Not completely, In the actual scene, in fact, I didn't perform too much 'drop index concurrently' on the master. I just just execute a lot of queries on the standby. You know, it will have a certain probability every time you execute ‘drop index concurrently’ on the master. Although it is small, it may appear.
>Yes, but we can't really do that, I'm afraid.
>
>We certainly can't do that on the master because we simply don't have
>the necessary information about locks from the standby, and we really
>don't want to have it, because with a busy standby that might be quite a
>bit of data (plust the standby would have to wait for the master to
>confirm each lock acquisition, I think which seems pretty terrible).
>
yeah, we can't do this and will lose too much in order to achieve this.

>On the standby, we don't really have an idea that the there's a drop
>index running - we only get information about AE locks, and a bunch of
>catalog updates. I don't think we have a way to determine this is a drop
>index in concurrent mode :-(
>
>More preciresly, the master sends information about AccessExclusiveLock
>in XLOG_STANDBY_LOCK wal record (in xl_standby_locks struct). And when
>the standby replays that, it should acquire those locks.
>
>For regular DROP INDEX we send this:
>
>rmgr: Standby ... desc: LOCK xid 8888 db 16384 rel 16385
>rmgr: Standby ... desc: LOCK xid 8888 db 16384 rel 20573
>... catalog changes ...
>rmgr: Transaction ... desc: COMMIT 2019-10-23 22:42:27.950995 CEST;
> rels: base/16384/20573; inval msgs: catcache 32 catcache 7 catcache
> 6 catcache 50 catcache 49 relcache 20573 relcache 16385 snapshot 2608
>
>while for DROP IDNEX CONCURRENTLY we send this
>
>rmgr: Heap ... desc: INPLACE ... catalog update
>rmgr: Standby ... desc: INVALIDATIONS ; inval msgs: catcache 32
>relcache 21288 relcache 16385
>rmgr: Heap ... desc: INPLACE ... catalog update
>rmgr: Standby ... desc: INVALIDATIONS ; inval msgs: catcache 32
> relcache 21288 relcache 16385
>rmgr: Standby ... desc: LOCK xid 10326 db 16384 rel 21288
>... catalog updates ...
>rmgr: Transaction ... desc: COMMIT 2019-10-23 23:47:10.042568 CEST;
> rels: base/16384/21288; inval msgs: catcache 32 catcache 7 catcache 6
> catcache 50 catcache 49 relcache 21288 relcache 16385 snapshot 2608
>
yeah, you are right, I got this .

>So just a single lock on the index, but not the lock on the relation
>itself (which makes sense, because for DROP INDEX CONCURRENTLY we don'>t get an exclusive lock on the table).
>
>I'm not quite familiar with this part of the code, but the SELECT
>backends are clearly getting a stale list of indexes from relcache, and
>try to open an index which was already removed by the redo. We do
>acquire the lock on the index itself, but that's not sufficient :-(
>
>Not sure how to fix this. I wonder if we could invalidate the relcache
>for the relation at some point.
--method one --
>Or maybe we could add additional
>information to the WAL to make the redo wait for all lock waiters, just
>like on the master. But that might be tricky because of deadlocks, and
>because the redo could easily get "stuck" waiting for a long-running
>queries.
--method two --

for the method one , I don't think this can solve the problem at all.

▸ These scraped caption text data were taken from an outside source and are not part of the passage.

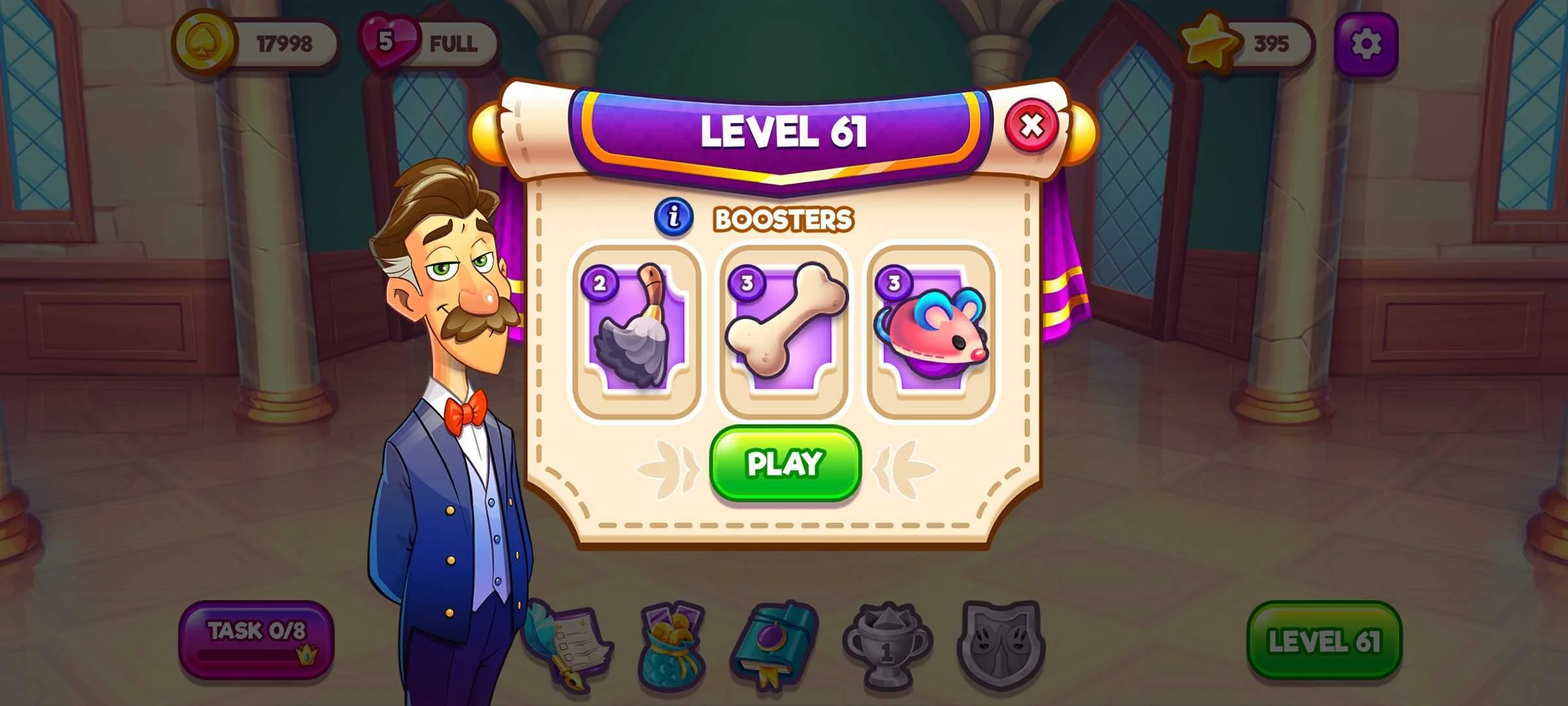 Kingdom Solitaire: Royal Dream screenshot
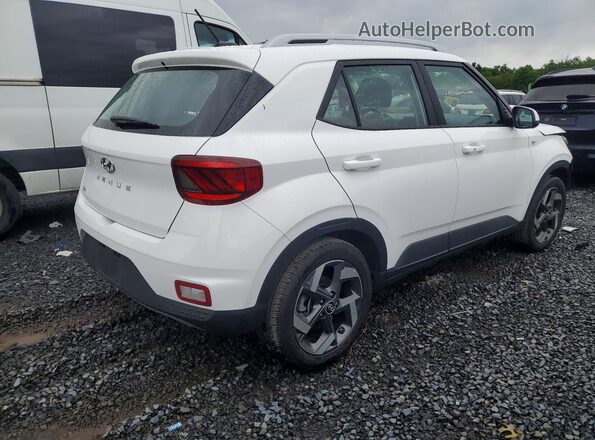 KMHRC8A39TU422900 2026 HYUNDAI VENUE White Trasero derecho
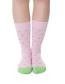 Lovely Multicolor Watermelon Pattern Decorated Socks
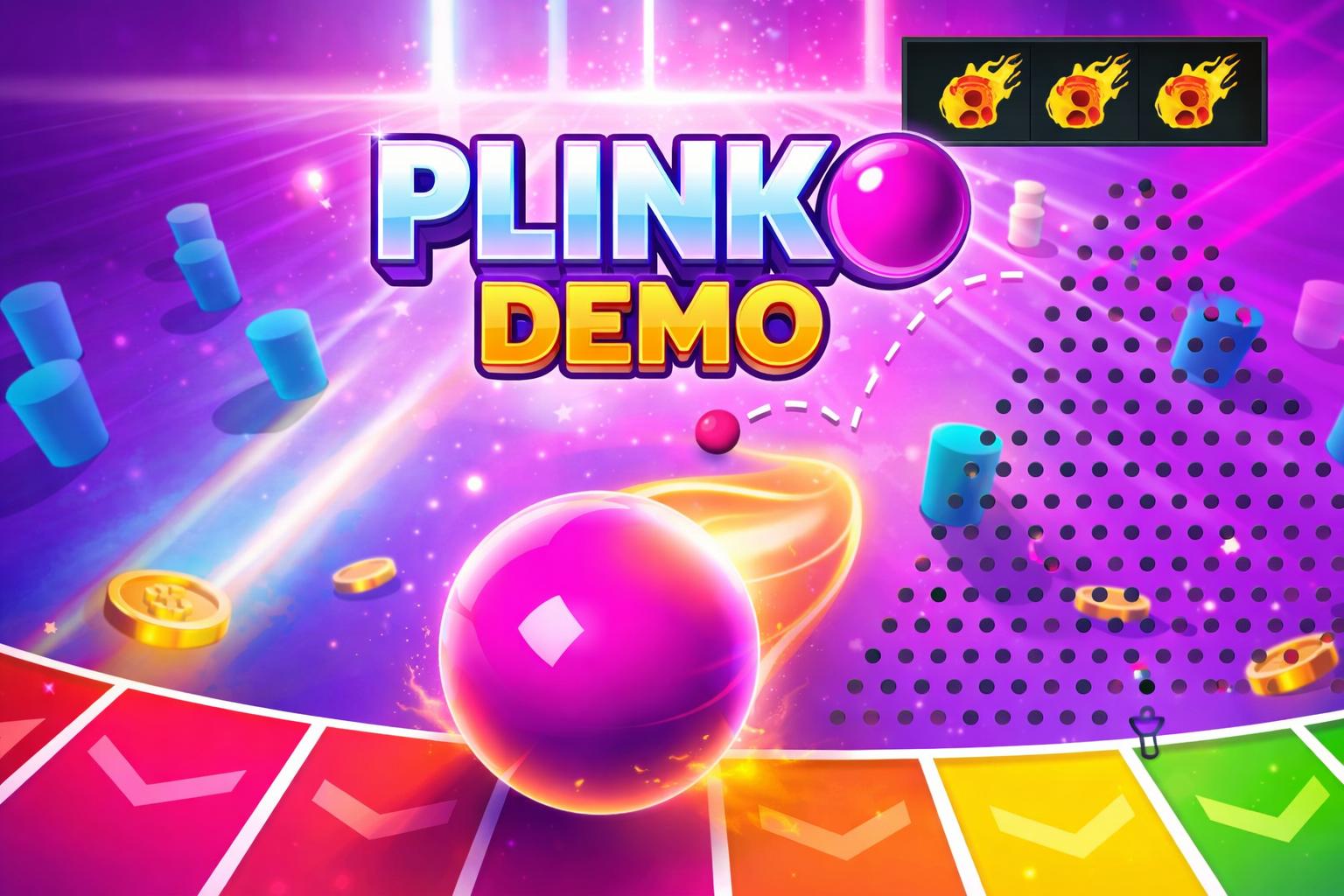 anteprima del gameplay di Plinko Casino Online in Italia:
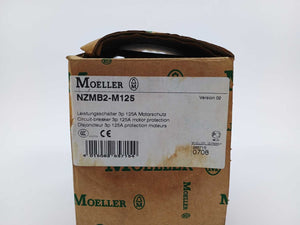 MOELLER NZMB2-M125 265715, Circuit-breaker, 3p, 125A W/ ABB ACCESORIES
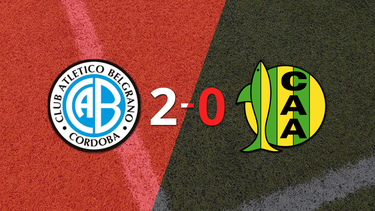 Aldosivi cayó derrotada ante Belgrano por 2-0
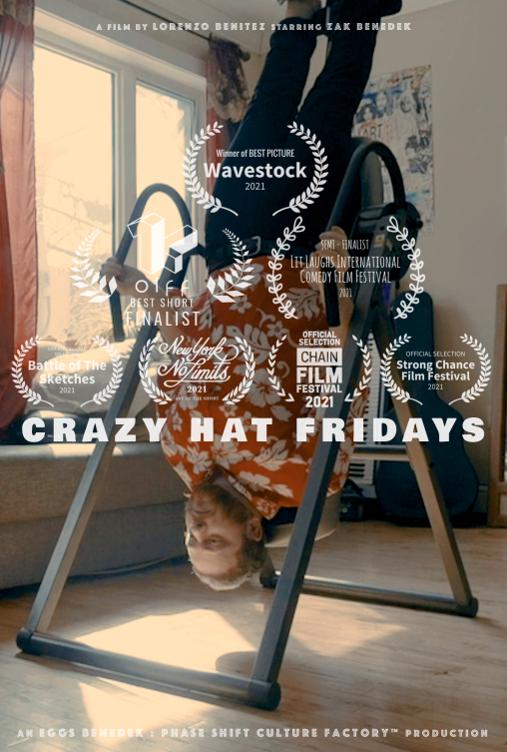 Crazy Hat Fridays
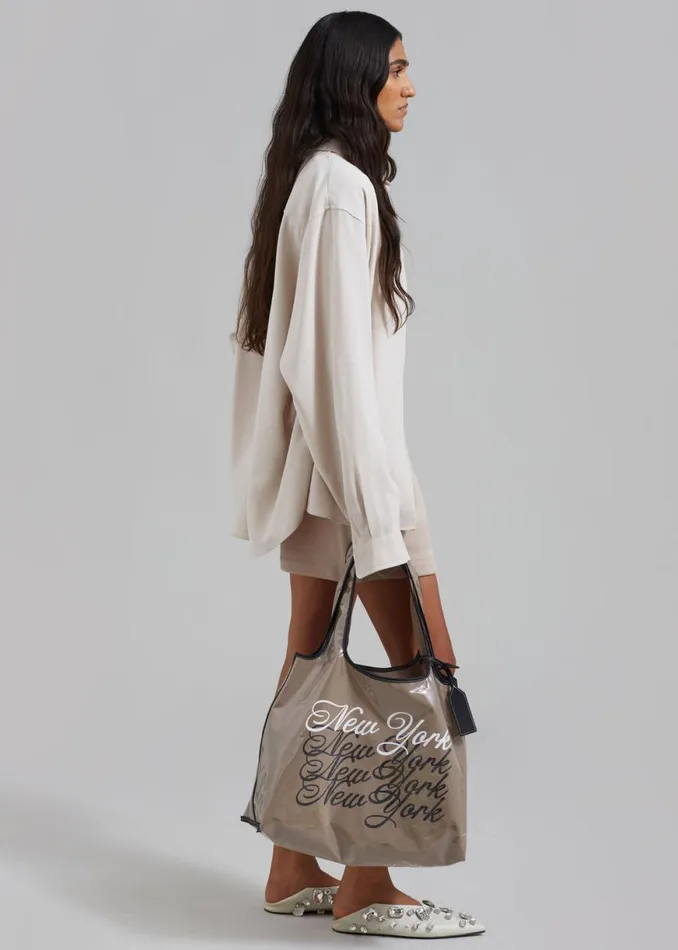 The Frankie Shop 31 Phillip Lim We Are NY Market Tote 8211 Khaki Shop Accessories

Because we can't predict on the standby when the master will 'drop index concurrently'. I also have a way to manually reproduce this bug in order to make it easier for you to understand the problem. You can try to follow the steps below:
1. We build a connection on the standby, then use gdb to attach to the backend process
2. We set a breakpoint at plancat.c:196 in get_relation_info
3. We execute 'explain select ' on this backend, in gdb you will see that the breakpoint has hit, and the query will hang.
4.We execute 'drop index concurrently' on the master. (If 'drop index' will be blocked, because there is a query on our standby, the master can not get EXlock).
5. on the standby ,let gdb continue.
We will see an error(ERROR: could not open relation with OIDXXX) in the standby client.

Therefore, we can see that the query is executed first by the standby, and then the 'drop index concurrently' executed by the master. So no matter how fast we can make relcache invalid, there is no way to prevent this error from happening, because there is always a moment when the index has been dropped by the master. In other words, there is no way to predict the master's 'drop index concurrently' on standby.

for the method two, you are right, deadlock is possible, and the most unbearable is that it will bring delay to the log apply on standb, resulting in inconsistent data between the master and the standby.

All in all, I think this bug is a flaw in postgres design. We need to think carefully about how to handle it better. Even we can learn from other database products. I hope I can help you.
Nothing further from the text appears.